A thunderstorm last night broke our run of fine days.
Even though the rain had been stopped some time, droplets persisted everywhere.
The thornless bramble is more decorative than anything. It has plenty of blackberries but they’re really hard to pick unless they’re at the peak of ripeness, and the birds have their eye on them as well.
It’s rained all day today – this photo is from a couple of days ago.
The so-called Scarce Swallowtail Butterfly is actually more common here than the Swallowtail Butterfly.
They’re both really beautiful but when you’ve known one as a caterpillar and a chrysalis it makes you a bit biased.
These single red roses have been battered by wind and rain.

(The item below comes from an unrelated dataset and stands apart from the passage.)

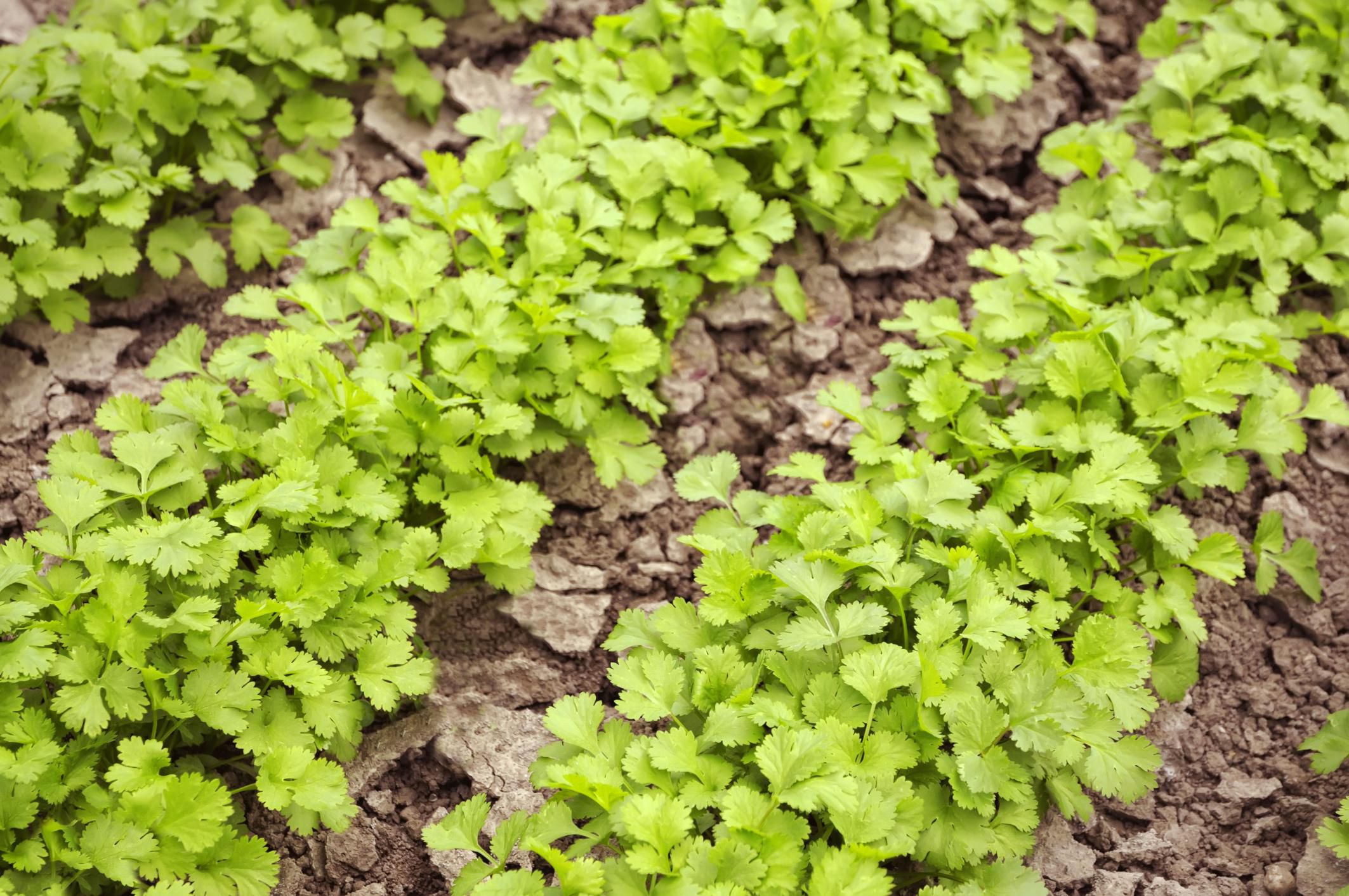 6 Best Herbs to Grow for Mexican Cooking on {keyword}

The hoverflies still find them attractive, though.
It’s rained almost non-stop now for two days.
The ground squelches underfoot.
Yesterday a thin line of water oozed under the seal of the kitchen window.

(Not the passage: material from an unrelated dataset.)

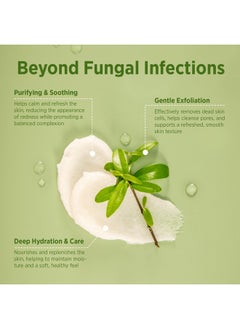 Roycederm Tea Tree Body Scrub Exfoliating: Extra Strength Pre-Body Wash for Athlete’s Foot, Jock Itch & Ringworm - Deep Cleansing Scrub with Tea Tree Oil & Dead Sea Salt for Smooth Skin - 12oz  - Image 3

The water level in the swimming pool, high to start with in order to prime the pump, rose so high I had to empty some out.
The top of the GPL tank, which is situated so that it acts like a sump, needed bailing out – I filled nine buckets.

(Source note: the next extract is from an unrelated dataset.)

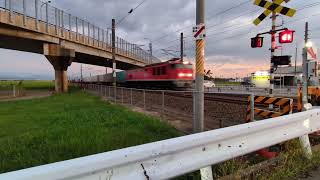 8月6日(木)3099レEF510-6号機 吹田貨物西ターミナル発東青森行き明峰駅～能美根上駅間通過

So in all this super-abundance of water, the taps run dry – twice: last night and again this morning.
According to the Water Company technician, an actuator needs replacing.
Rain and roses, or thunder and roses more like: a storm is passing overhead this very moment and will doubtless break the stem of some of these blooms.
But there was moonlight last night, as well as a deafening shrill of crickets.
This frond of Spiraea has grown right up into an olive tree.
It would make the perfect virginal bride’s hair accessory were it not for the fact that the diamonds would fall off.
A tall, slender type of flax with very small blue flowers is popping up everywhere.
I’ve been too tender on it; really it shouldn’t be among the raspberries but I hate pulling it up.
The flowers close in the rain but there was just enough of a break between showers today for me to find this flower open.